- [PROVIDED INFORMATION]
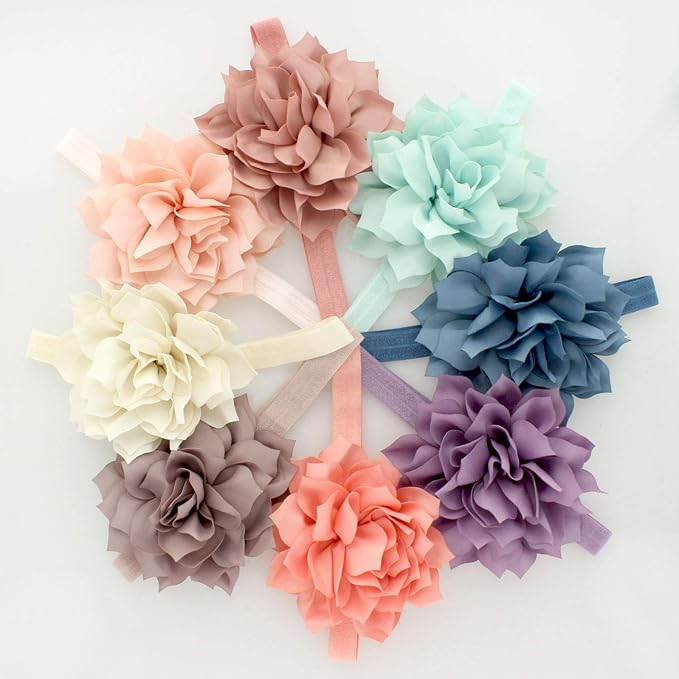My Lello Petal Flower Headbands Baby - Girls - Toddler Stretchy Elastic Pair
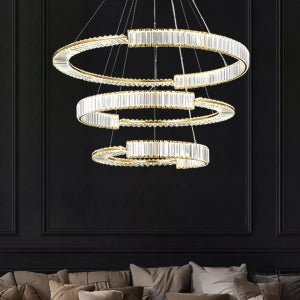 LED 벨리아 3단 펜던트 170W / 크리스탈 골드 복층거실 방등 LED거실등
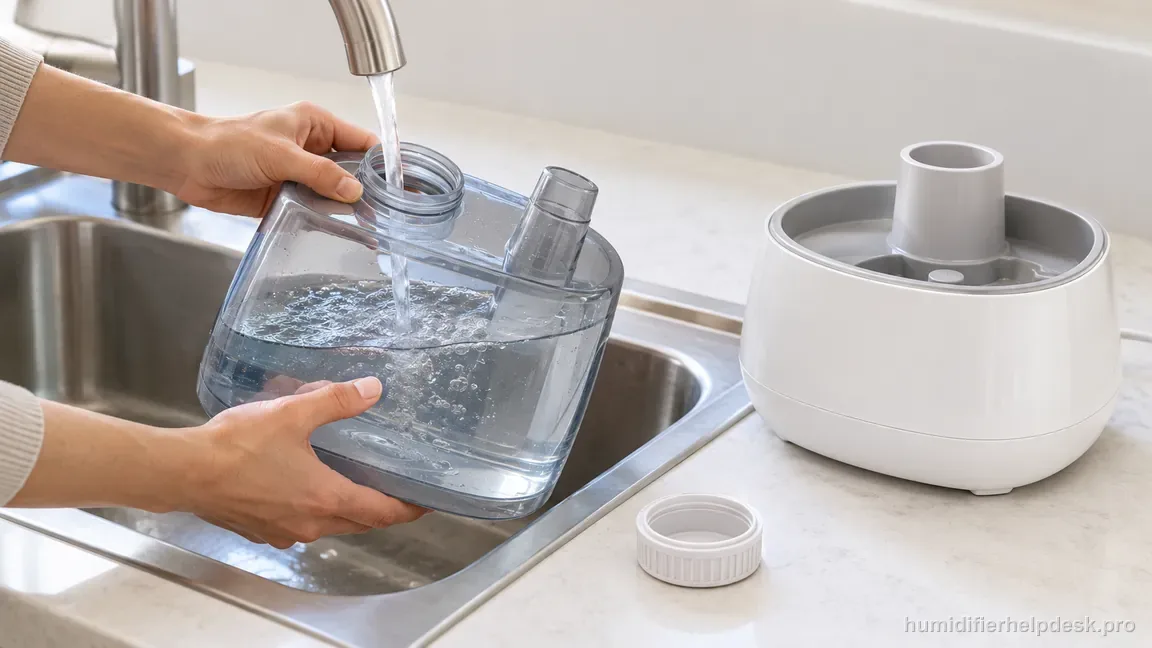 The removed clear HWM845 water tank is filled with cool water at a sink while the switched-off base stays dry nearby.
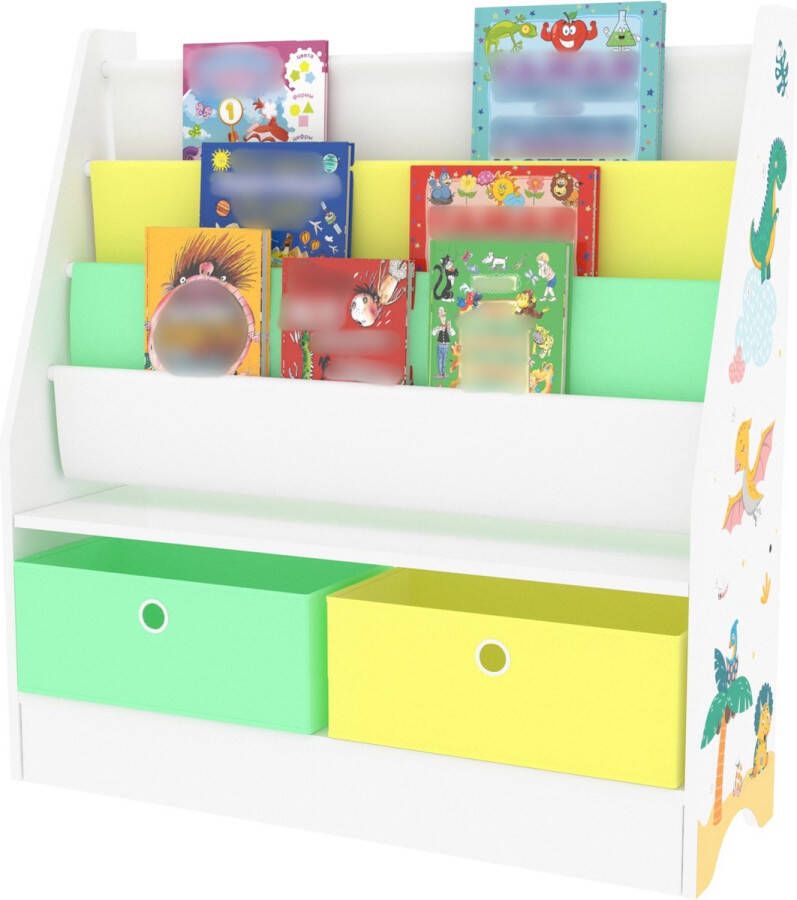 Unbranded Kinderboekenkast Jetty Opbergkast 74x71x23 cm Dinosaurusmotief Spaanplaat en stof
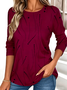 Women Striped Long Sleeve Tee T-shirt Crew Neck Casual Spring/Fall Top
...
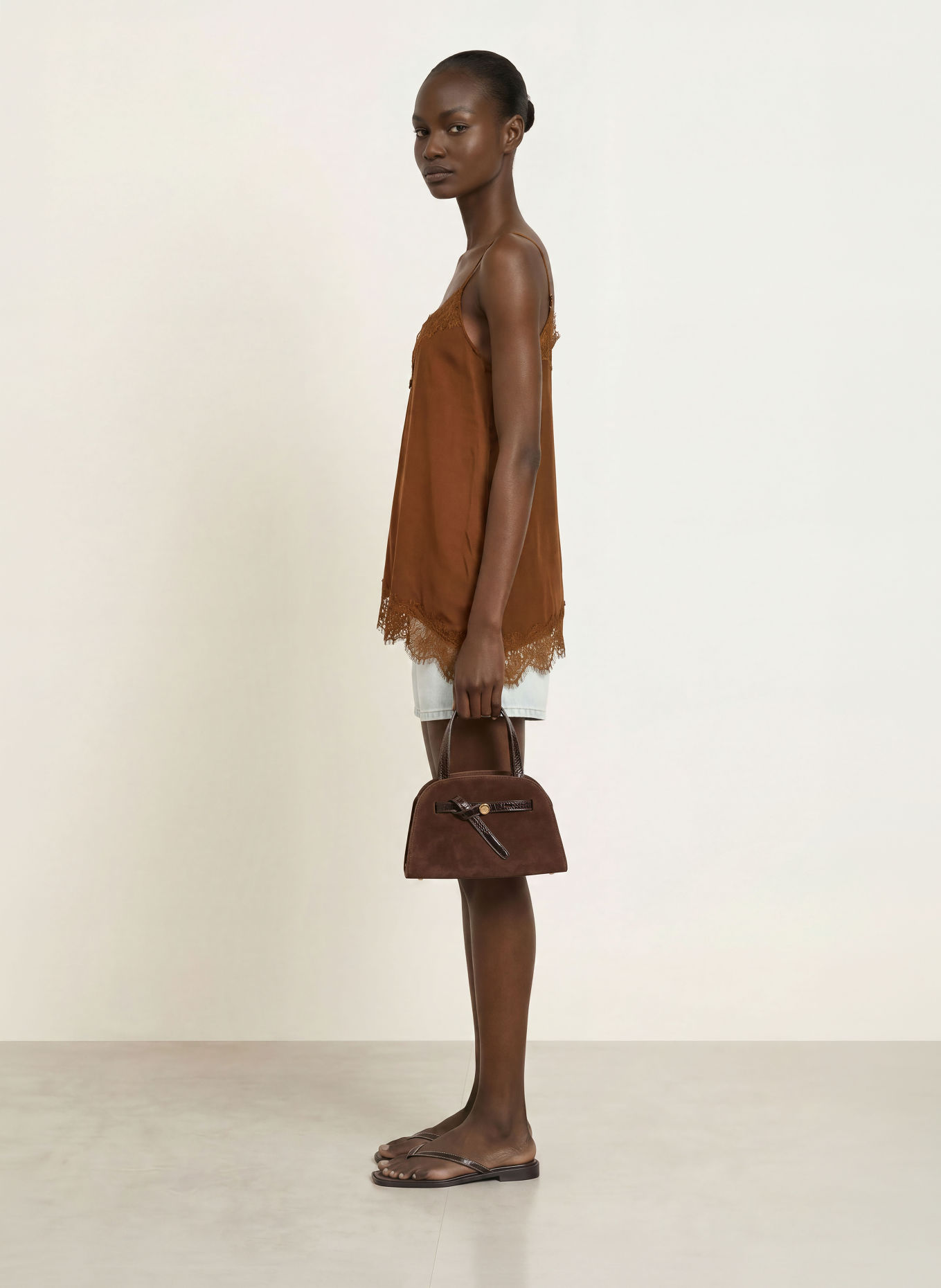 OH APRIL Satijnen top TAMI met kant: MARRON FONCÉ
--
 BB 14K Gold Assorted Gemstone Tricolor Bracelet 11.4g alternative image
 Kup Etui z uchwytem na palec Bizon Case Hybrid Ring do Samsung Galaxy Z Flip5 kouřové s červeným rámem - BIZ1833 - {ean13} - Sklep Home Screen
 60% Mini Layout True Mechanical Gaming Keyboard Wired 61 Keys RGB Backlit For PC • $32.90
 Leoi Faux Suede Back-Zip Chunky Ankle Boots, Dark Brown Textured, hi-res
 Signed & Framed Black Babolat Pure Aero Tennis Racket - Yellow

- [WORK ORDER]
The required answer is the run of lines above, starting at the line with "Leoi Faux Suede" and ending at the line with "Signed & Framed", reproduced exactly with both ends.

- [ANSWER SECTION]
 Leoi Faux Suede Back-Zip Chunky Ankle Boots, Dark Brown Textured, hi-res
 Signed & Framed Black Babolat Pure Aero Tennis Racket - Yellow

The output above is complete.